FRUSTRATION ENDS UN MEETING ON PLASTICS
28 november 2023
As all 2,000 participants headed home after the third meeting of the United Nations Intergovernmental Negotiating Committee (UNEP) on Plastic Pollution (INC-3), disappointment reigned. Initially, progress seemed to have been made, but it was overshadowed by failed negotiations on the final day. The ultimate goal of the convention – ending plastic pollution – did not come any closer during the session held from 13 to 19 November in Nairobi, Kenya.
Differences of opinion flared up over how much, and even if, plastic production should be reduced, an idea that did figure prominently in the zero draft of the treaty published by the UN last September.
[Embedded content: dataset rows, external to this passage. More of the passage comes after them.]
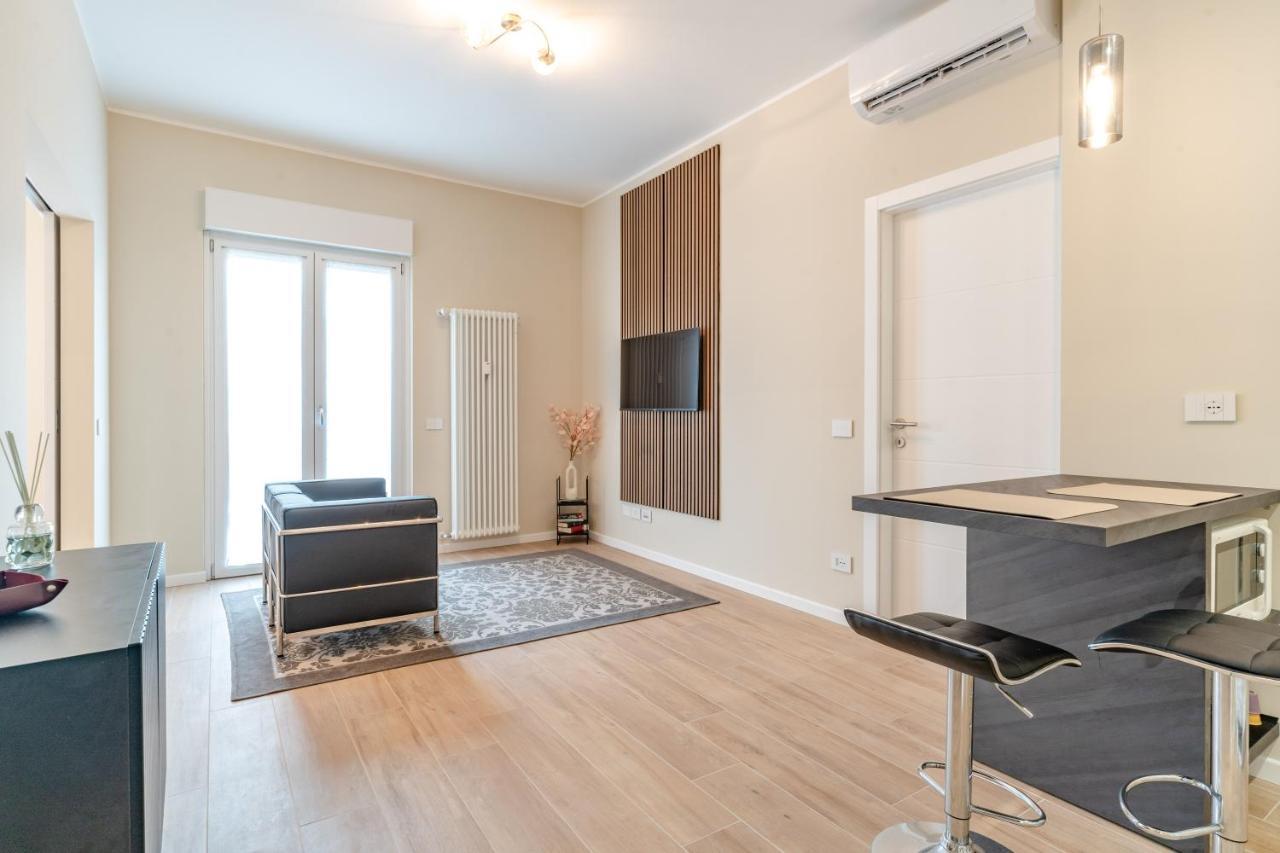 Belladonna Apartment *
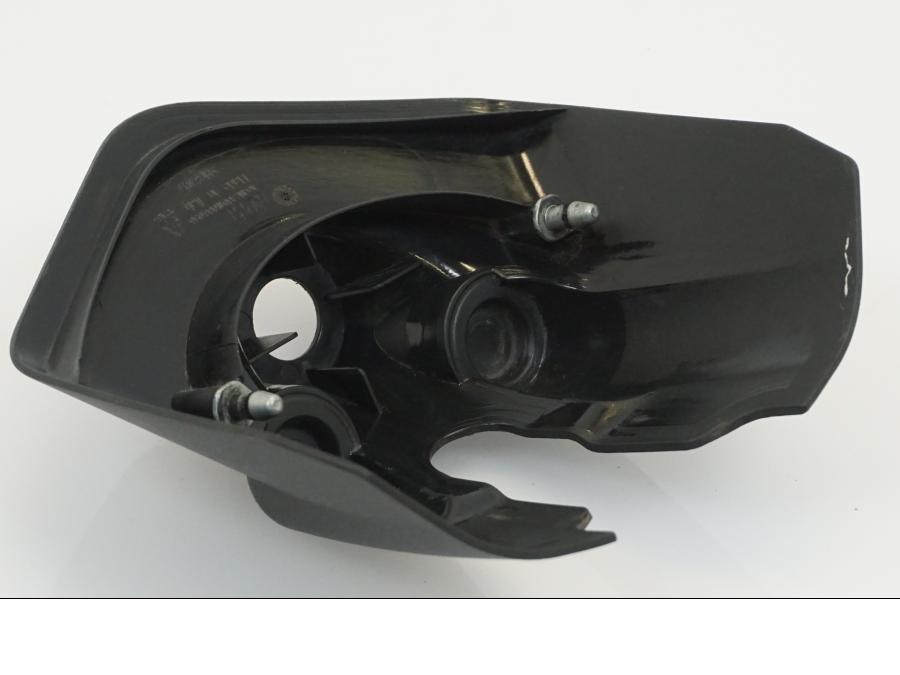 Snett nerifrån på Tändningslåskåpa från en KTM 690 Duke -2012 motorcykel.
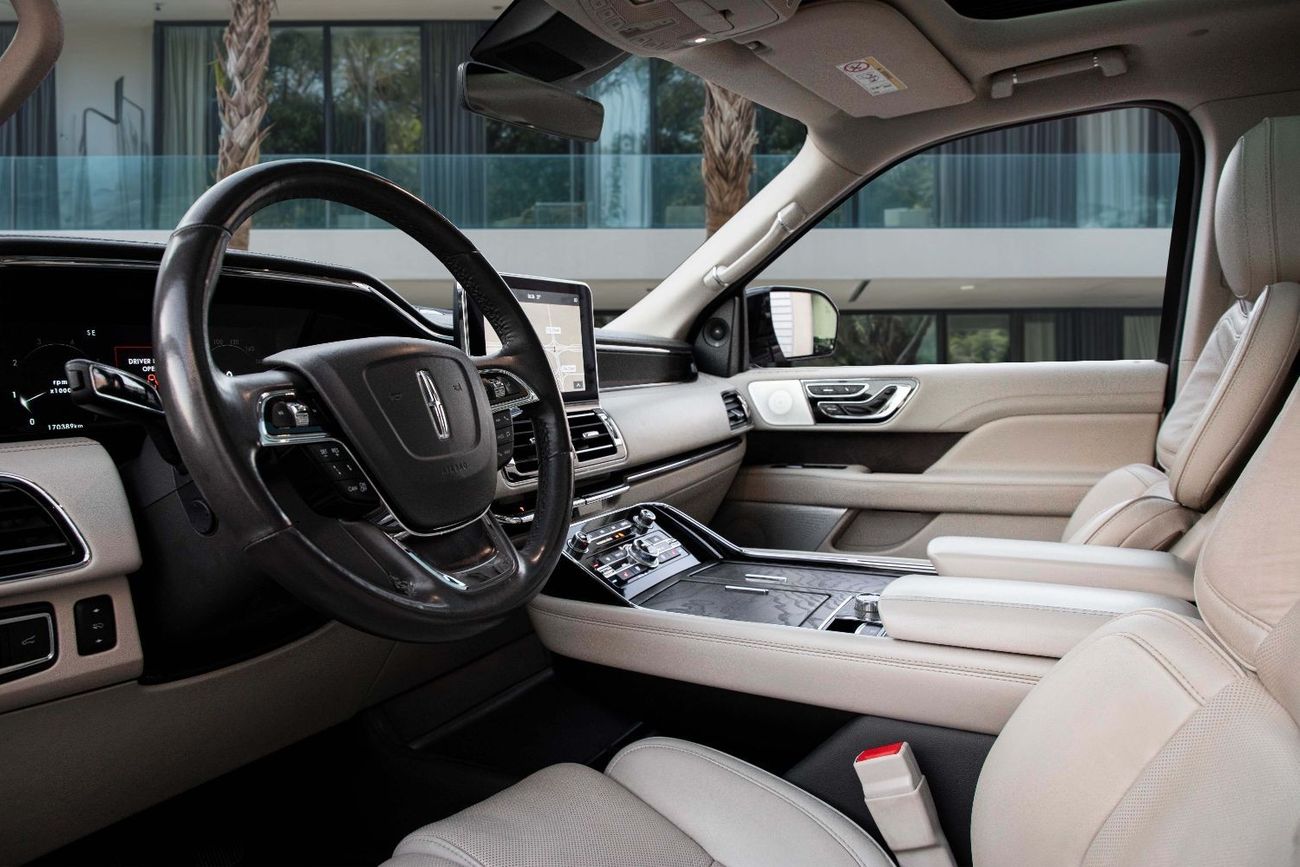 Lincoln Navigator Retractable Running Boards | 2,448 P.M  | 0% Downpayment | Pristine!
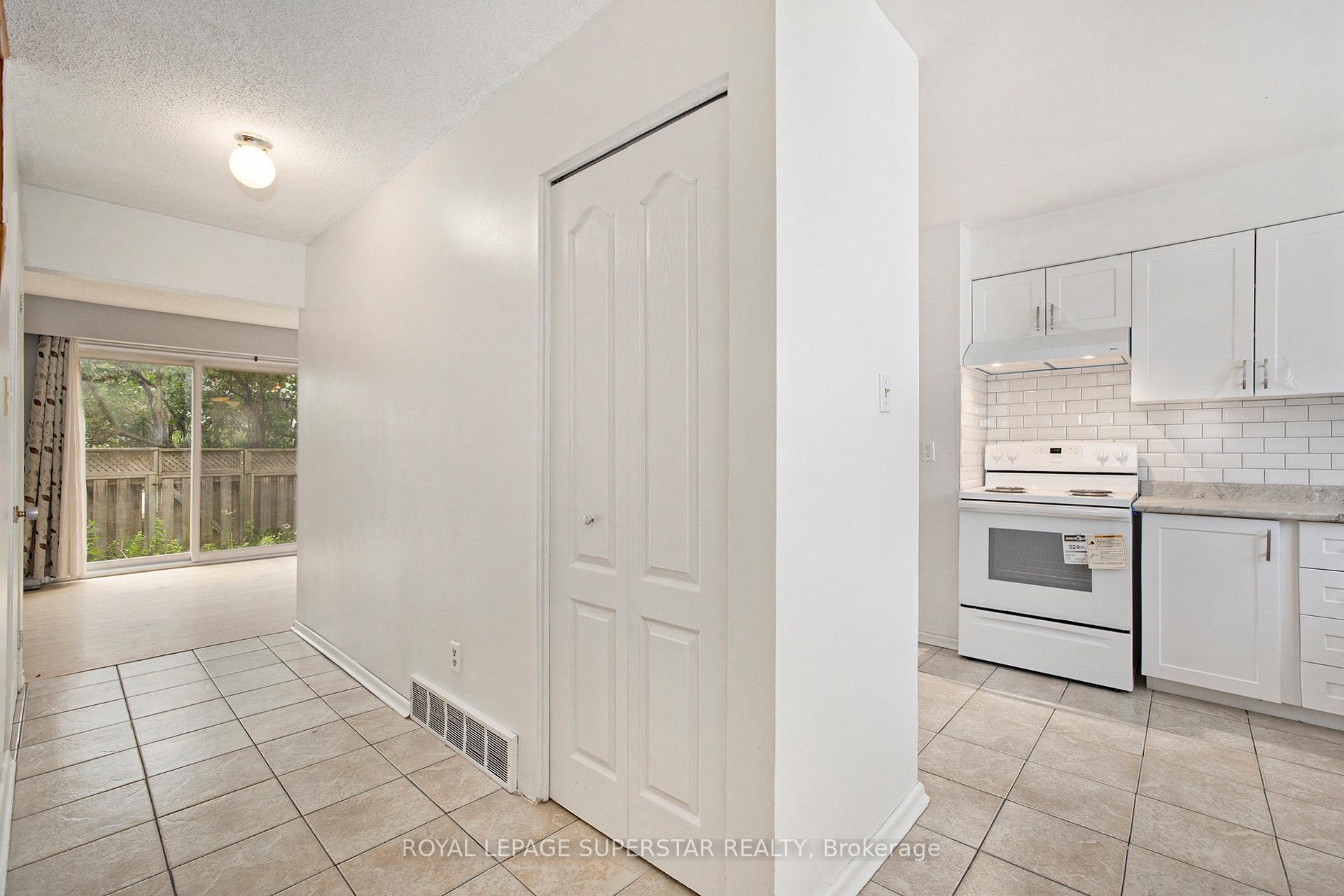 Photo 12 of Unit 25, 427 Moodie Drive, Ottawa, Bells Corners — HOMEH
Indeed, plastic-producing (oil) countries and industries claim that production has nothing to do with pollution. “That is an illogical argument, because if you produce more plastic, you have more plastic waste,” says our director Maria Westerbos, who was there in Kenya.
INTERNATIONAL TREATY ON PLASTIC POLLUTION ENCOUNTERS BUMPS, BUT KEEPS MOVING FORWARD
“It was a small step forward and a missed opportunity to make real progress on the supposed timeline,” says Maria Westerbos. “Still, I don’t see it bleak. That’s how meetings go when the stakes are high.”
The Plastic Health Council, a collaboration of Plastic Soup Foundation and Plastic Planet, organised a well-attended side event focusing on the effects of plastic and the chemical additives in it. We published an open letter in The Daily Telegraph signed by 20 prominent scientists from around the world. In it, they called for this “once in a lifetime opportunity” to ensure that the agreement is strong enough to protect the health of future generations.
Dr Pete Myers, chief scientist at Environmental Health Sciences and member of the Plastic Health Council, said, “What started as an almost invisible trickle at the beginning of the 20th century has now grown into a monstrous tsunami in the 21st. Plastic and plastic chemicals have spread like a plague to every part of our planet, even into our bodies with levels known to be dangerous. Yet industry projections based on ‘business as usual’ expect the amount of plastic being made to double by the middle of this century. “
INC-3 was the third of five meetings organised to create an international, legally binding treaty to stop the world’s plastic pollution. The next meeting (INC-4) is scheduled for April 2024 in Ottawa, Ontario.
Negotiators plan to reach consensus by the end of 2024 at INC-5, which will take place next November in Seoul, South Korea.